Problem description » From the material below, retype exactly the lines that begin at the line with "Berserker Viking Hoodie" and end after the line with "Cepewa Decorative Bowl, Diameter"; pictures stay out of the copy.

Input data »
####
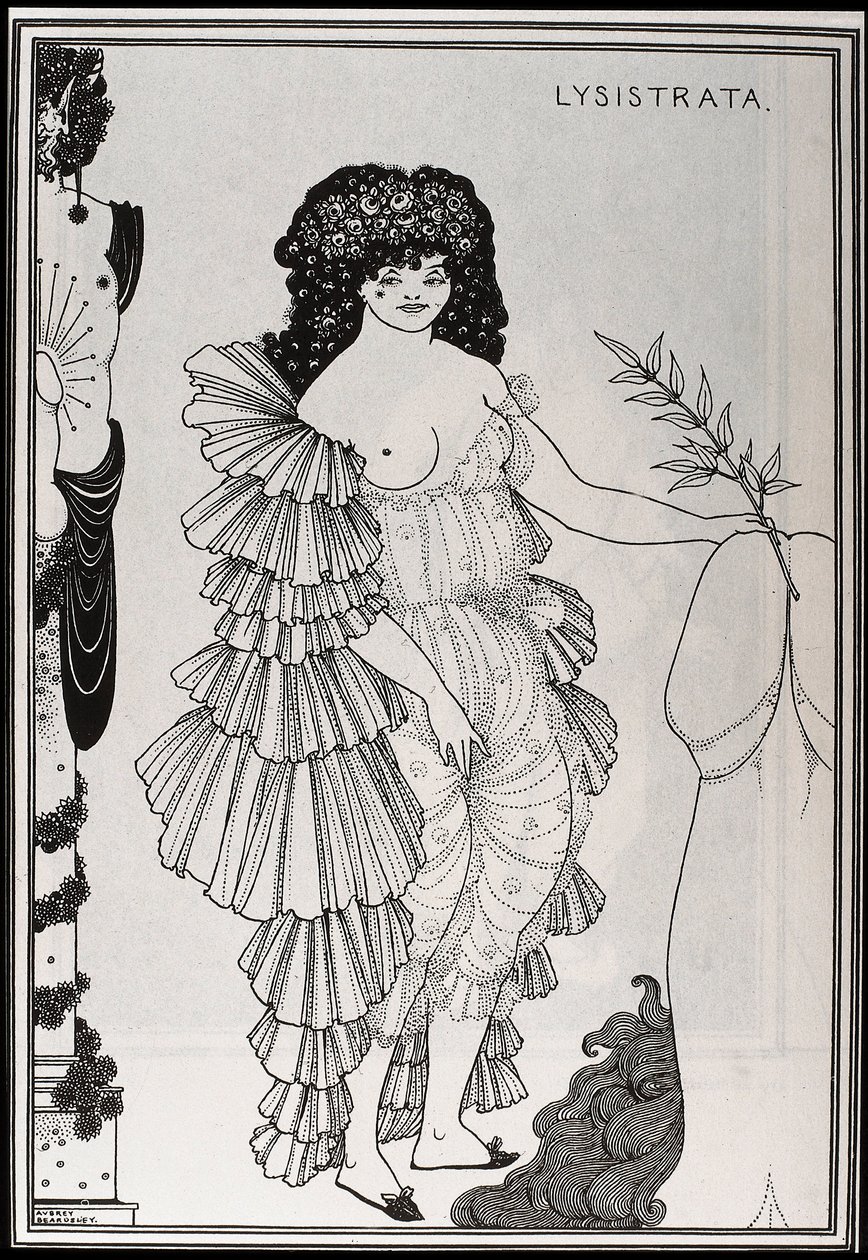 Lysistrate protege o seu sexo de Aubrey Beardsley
####
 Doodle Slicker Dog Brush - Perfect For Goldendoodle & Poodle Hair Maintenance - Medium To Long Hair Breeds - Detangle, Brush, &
####
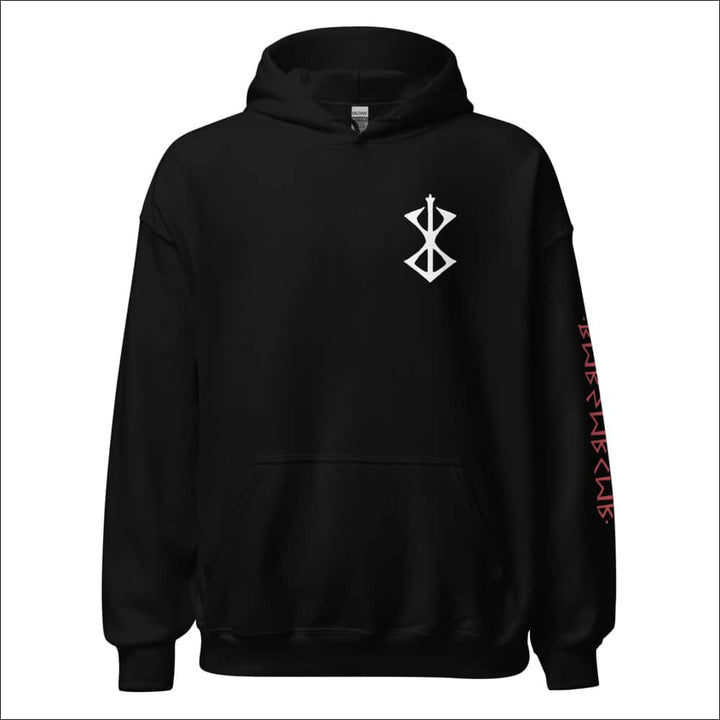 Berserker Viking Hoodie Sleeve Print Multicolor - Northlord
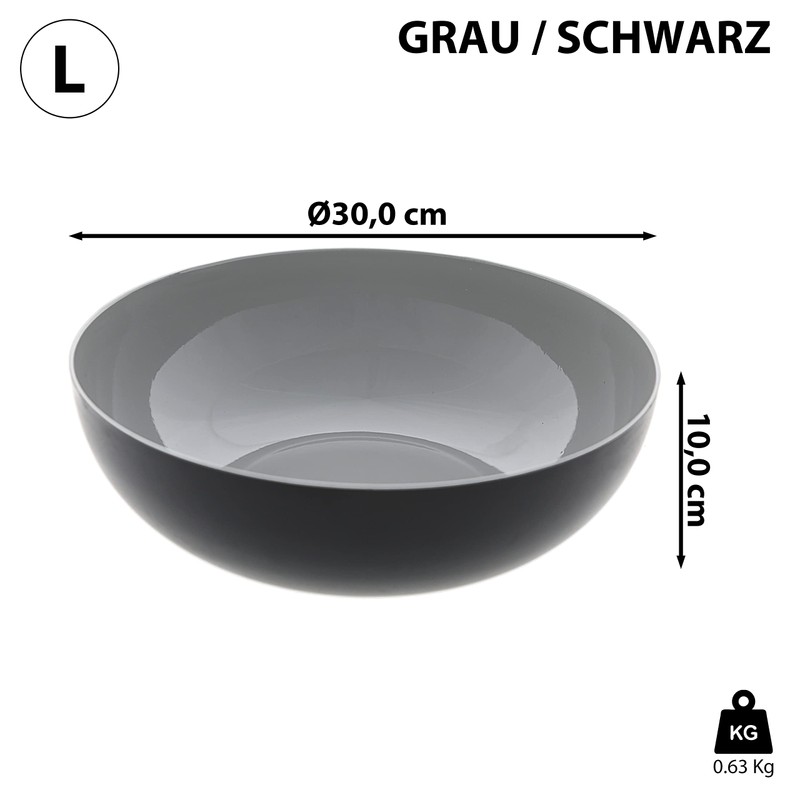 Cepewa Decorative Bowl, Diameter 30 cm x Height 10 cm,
####
Response below »
 Berserker Viking Hoodie Sleeve Print Multicolor - Northlord
 Cepewa Decorative Bowl, Diameter 30 cm x Height 10 cm,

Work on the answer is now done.